Hi, my name is Nicole Corson, and I am the owner of RoofCrafters Roofing and a very blessed mother of two beautiful daughters…and a handsome dog! In 2013 I decided to pivot when I had an opportunity to take my 12 years of experience in property management, property maintenance, and my passion for helping others by applying it to the roofing industry.
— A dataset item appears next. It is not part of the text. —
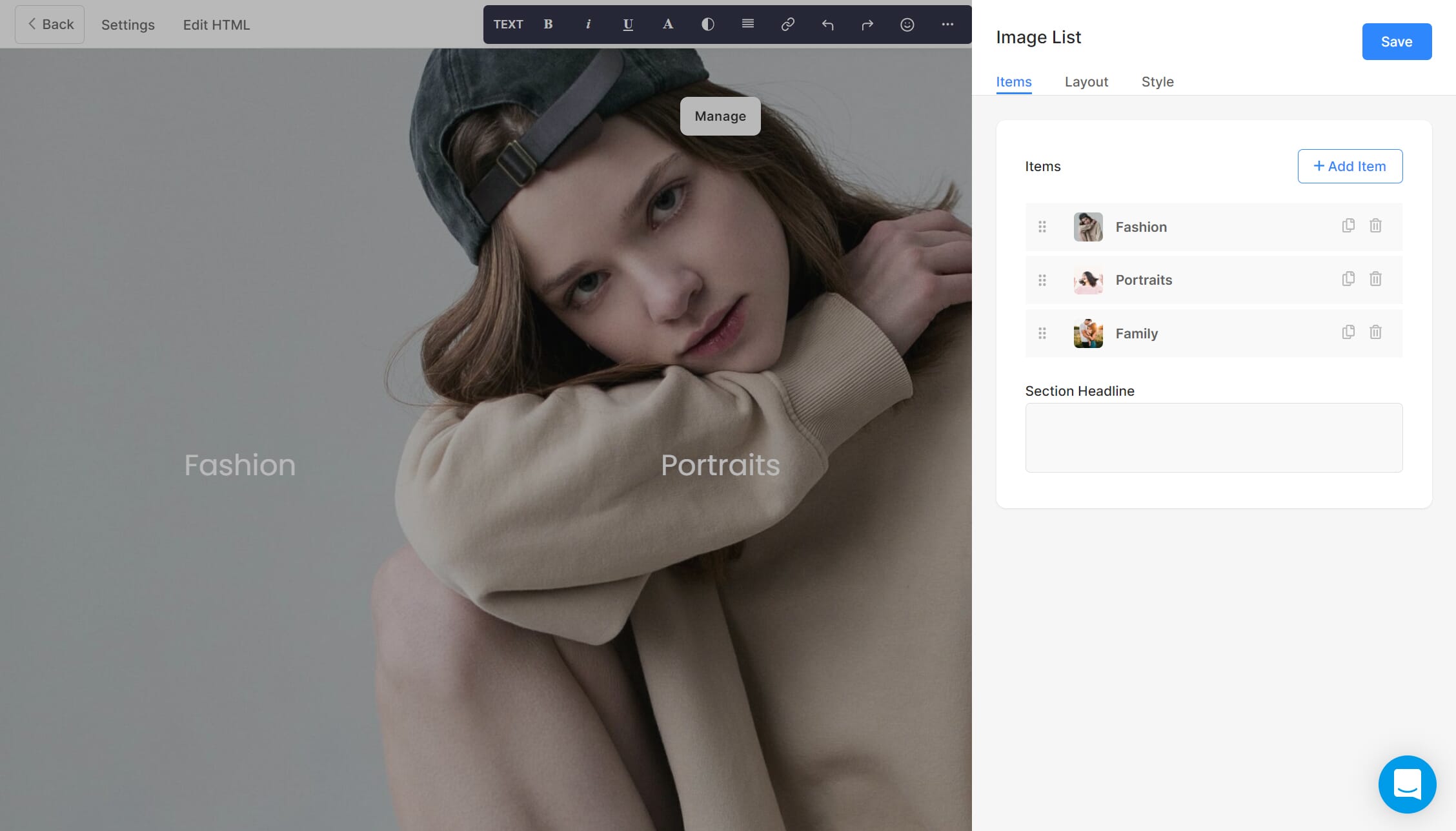 I ended up having to adjust the website through a different window...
Coming into a predominantly male industry, I am very proud to say I have created some much-needed structure for all our team and an exceptional customer experience for my clients.
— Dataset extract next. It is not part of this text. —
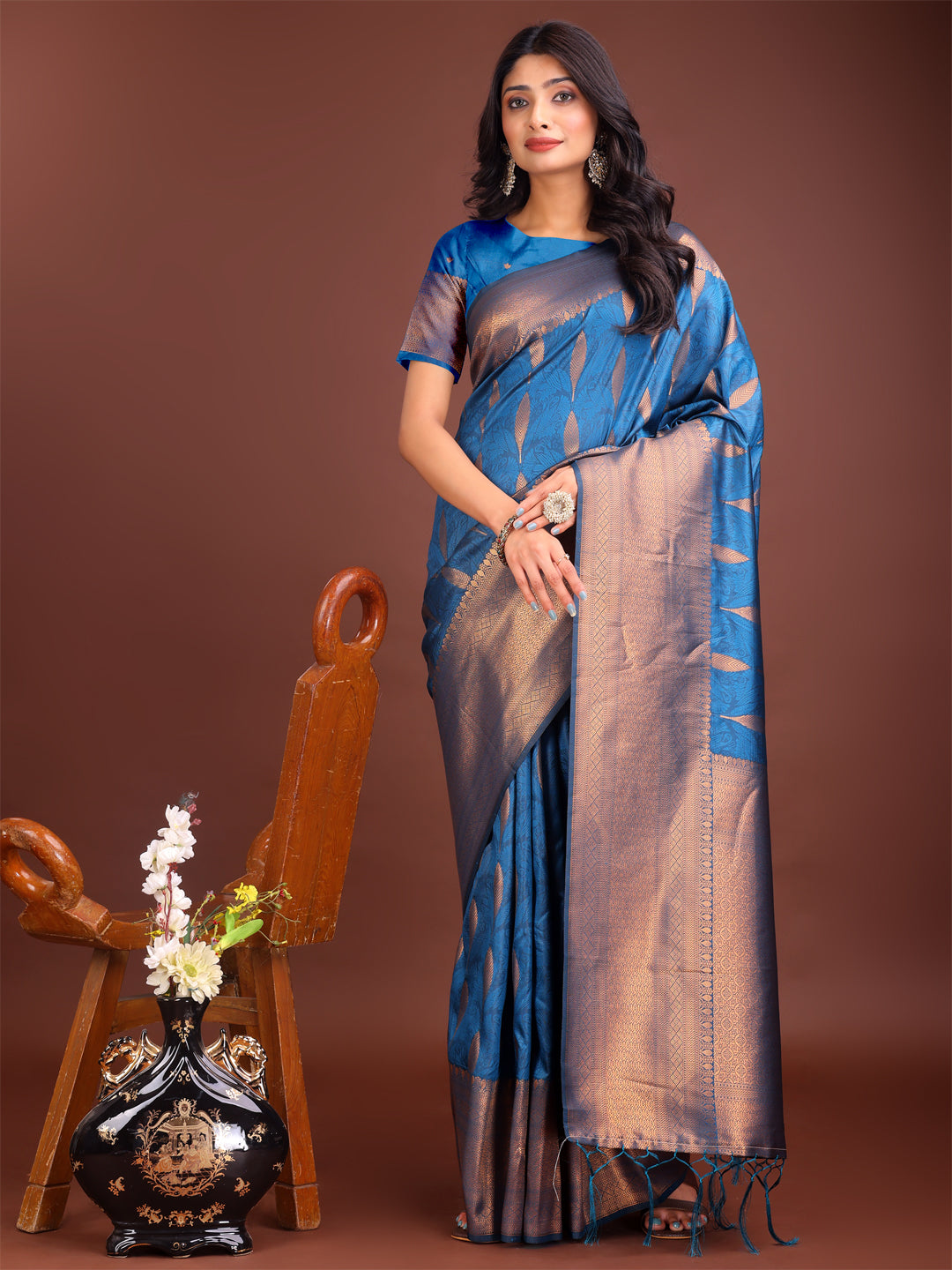 Sky Blue linen cotton saree with golden zari leaf woven design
Prolonging the Life of Your Roof

When it comes to owning a home, nobody likes to do maintenance.  Yet it’s routine maintenance that helps make a home last longer.  One of the things every homeowner wants to last the longest is the roof, since it’s one of the most expensive parts of a home to replace.  Yet for the most part, all too many homeowners ignore their roof.  Maybe it’s due to the fact that the roof is out of sight that it’s out of mind.  At least it is until they detect a leak, or worse when the homeowner finally gets around to replacing their roof and the roofing company finds a lot of rotted roof timbers under the shingles.  To help your roof last longer and reduce the incidence of rot, below are the top maintenance steps you need to take.

1.      Leave me alone at your peril – Leaves and tree litter might not seem like such a big deal, but it’s the number one cause of water intrusion on any roof.  That’s because leaf litter and twigs can act like a dam to back up water.  When shingles can no longer shed rain efficiently, the water will try to find another way out, usually by slipping under shingles.  Secondly, wet leaf litter adds unneeded weight to your roof which can eventually cause it to sag or even fail.  If you do nothing else to maintain your roof, make sure you sweep away the leaves and twigs that pile up on your roof every autumn. 
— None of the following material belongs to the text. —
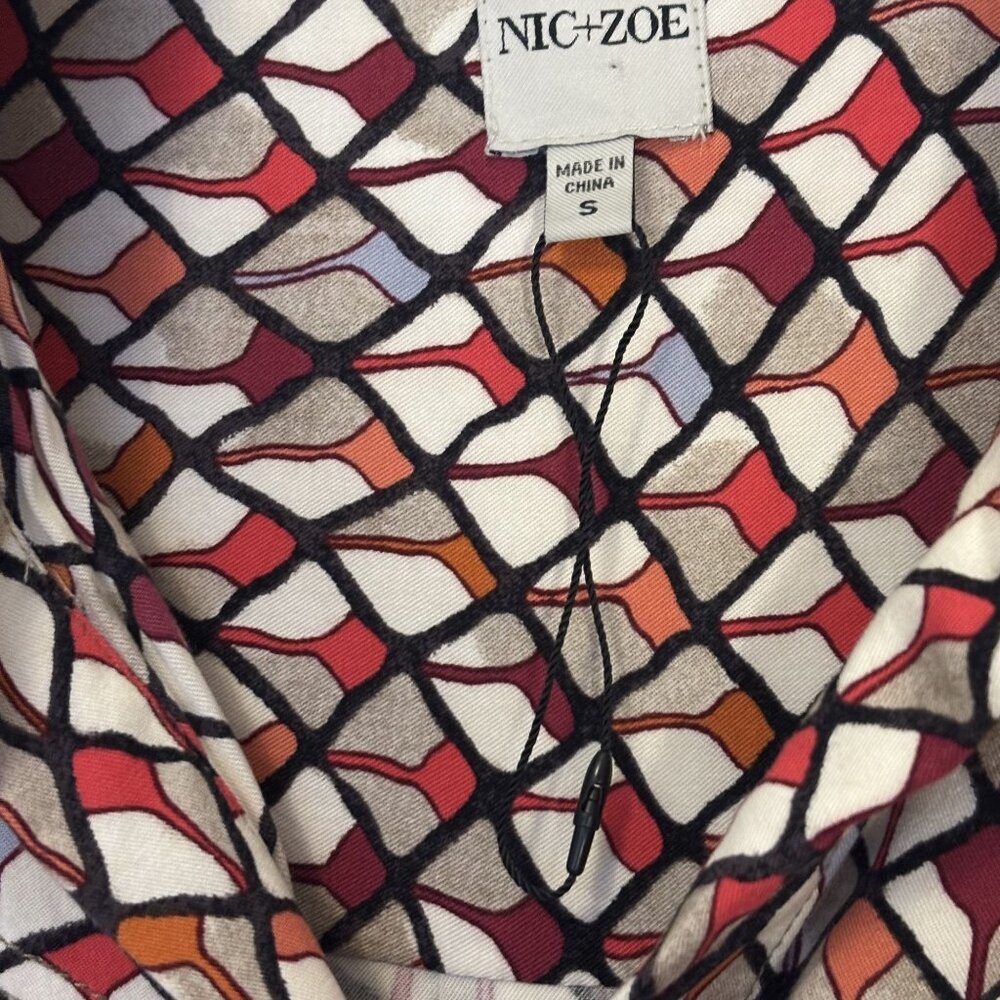 Nic+Zoe Womens Geometric Print Button-Up Shirt S Long Sleeve Cotton/Polyester Mu - Picture 4 of 11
Can Gutters Cause Roof Leaks?
  1. Is your mind in the gutter? – If not, it should be.  That’s because clogged gutters can also cause leaks and add stress to your roof system.  Just as with leaf litter, clogged gutters can and do cause water to back up into the house.  If left unchecked, your home’s gutters will turn into terrariums where everything from grass to shrubs and trees will take root and begin to grow.   Once the leaves turn into dirt, the water that should run down the downspout will have nowhere else to go but out on the roof.  Worst still, this could eventually lead to the gutters collapsing under their own weight.  If you haven’t checked your gutters in a year or more, don’t wait until it causes your roof to leak.  If you live in a heavily wooded area, you might also like to consider getting gutter guards installed to keep your gutters from clogging.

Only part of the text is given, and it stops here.